Update 1: Gerade veröffentlichte beyond the river einen aus dem Tadschikischen übersetzten Blogpost zum gleichen Thema.

Update 2: Die Gerüchteküche brodelt weiter…zentralasiatische Webseiten und blogs mit Meldungen über den angeblichen, unbestätigten, abgestrittenen Mord an Hasan Sadulloev, einer der einflussreichsten Persönlichkeiten im heutigen Tadschikistan, verzeichnen Rekordbesucher und bestätigen erneut: Das Gerücht ist die wirksamste Nachrichtenform in der gesamten Region.

Update 3: Ein frischer Beitrag auf Eurasianet lässt weiteren Spekualtionen über einen möglichen Machtkampf in Tadschikistan freien Lauf und stellt eine Liste der potentiell daran beteiligten Akteure vor…

Update 4: Wer mehr zur Aluminiumaffäre wissen will. Hier ein ganz frischer Beitrag

5 Thoughts on “Auf der Suche nach dem Schwager des Präsidenten

  1. Pingback: Wie stabil ist Tadschikistan? Das politische Erbe des Bürgerkrieges und die Machtkämpfe der Eliten | tethys. Central Asia Everyday

  2. Pingback: Tethys

  3. Pingback: “Beyond The River” ends - vorerst? | Tethys. Central Asia Everyday

  4. -- on May 28, 2008 at 20:25 said:

    tja, so ganz klar scheint das bisher nicht und niemandem zu sein. zumindest wenn man die diskussionen im netz zu dieser frage verfolgt. ganz frisch etwa: http://blogistan.asia/2008/05/25/tadschikistans-aluminiumgeschafte/
    zu beginn ging es wohl vorrangig darum (von den falschen) abgezweigte gelder wieder zurückzubekommen.
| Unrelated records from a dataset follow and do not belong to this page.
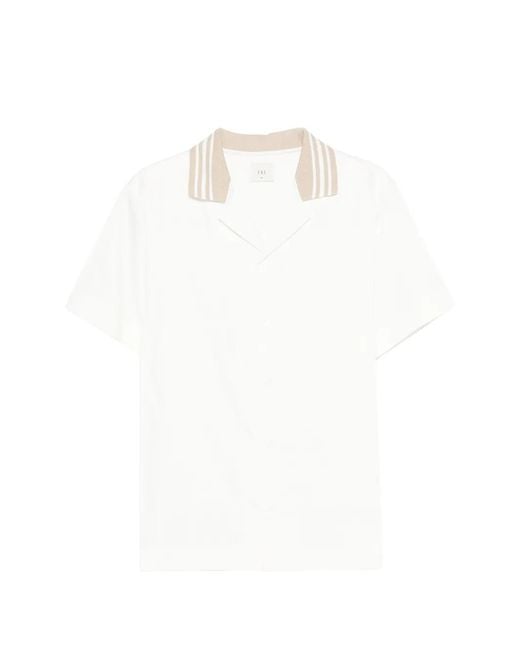 CHE White Senna Striped-Collar Shirt for men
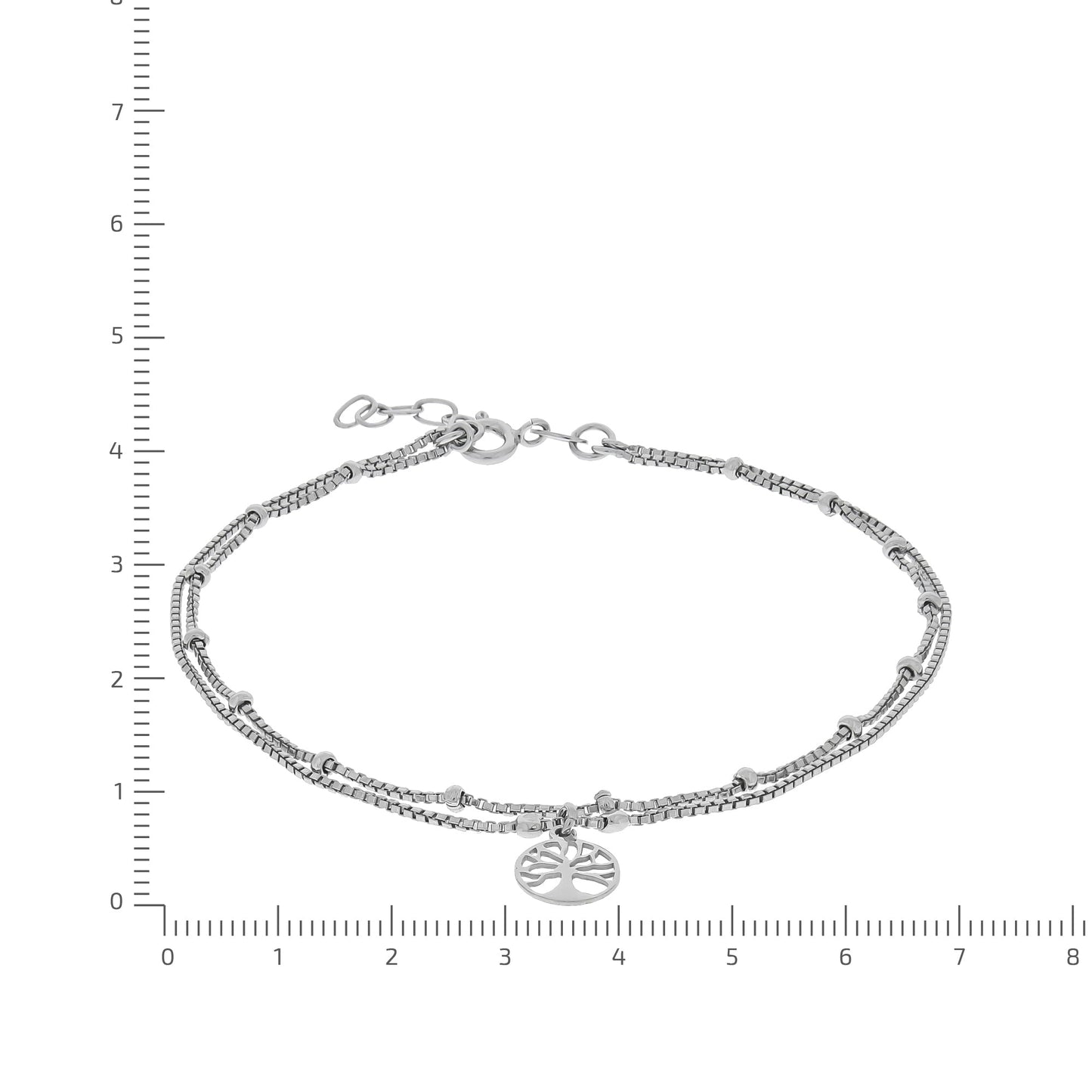 Fußkette Venezianerkette 925/- Sterling Silber rhodiniert 25,0cm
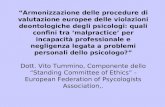 Armonizzazione delle procedure di valutazione europee delle violazioni deontologiche degli psicologi: quali confini tra malpractice per incapacità professionale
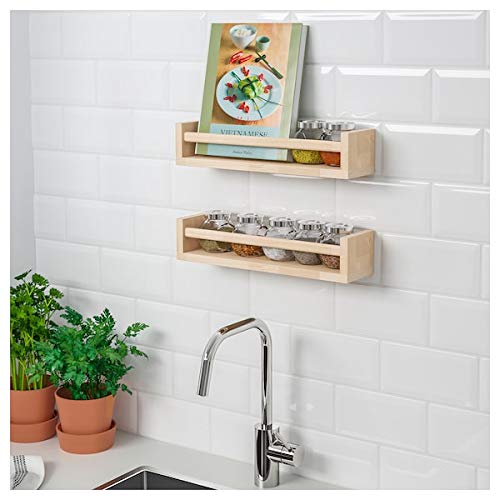 Ikea Bekvam,  4 estantes para especias de madera - cuarto del bebé - soporte de libros - niños - cocina - accesorios de baño,  estante de almacenamiento organizador, color abedul, madera natural.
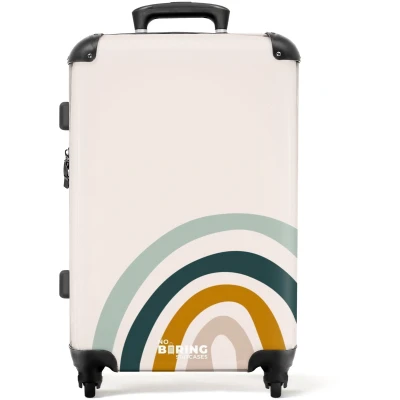 Afbeelding van NoBoringSuitcases.com Grote koffer Kinderkoffer regenboog geschikt voor jongens en meisjes Reiskoffer met 4 wielen XL Trolley op wieltjes 60 liter Bagage rolkoffer groot kinderen Ruimbagage valies 20kg Suitcase medium Reisbagage large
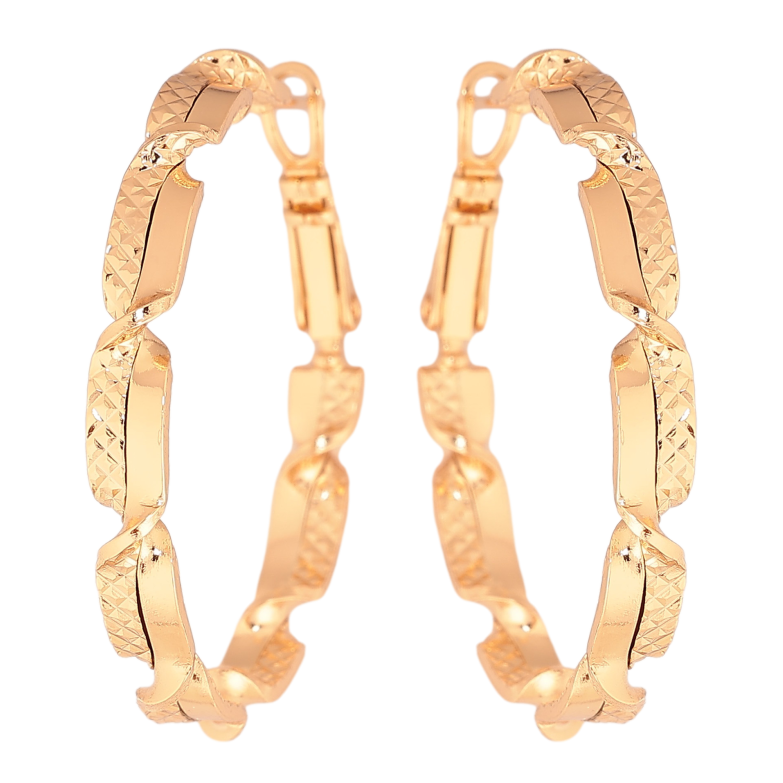 Серьги Xuping цвет Позолота 18K кольца (конго) "Декоративный узор" ø 3.5см фото №1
  5. ++ on May 28, 2008 at 10:06 said:

    Was ist eigentlich der tiefere Sinn dieses Prozesses in UK?
    “Ursprünglich angestrengt wurde dieses Verfahren 2004 von Präsident Rahmonov gegen Avaz Nazarov, der bis 2004 das Aluminiumwerk in Tursunzoda leitete und seit seiner Absetzung in Großbritannien lebt. Mittlerweile belaufen sich alleine die Anwaltskosten für den Präsidenten auf skandalöse 120 Mio US$ (das entspricht etwa 5% des tadschikischen BIP)”
    Geht es dabei Rahmon um die Durchsetzung seiner Macht, bzw. mehr Geld für sich oder ist das ein Kampf gegen Korruption und für mehr Steuereinnahmen?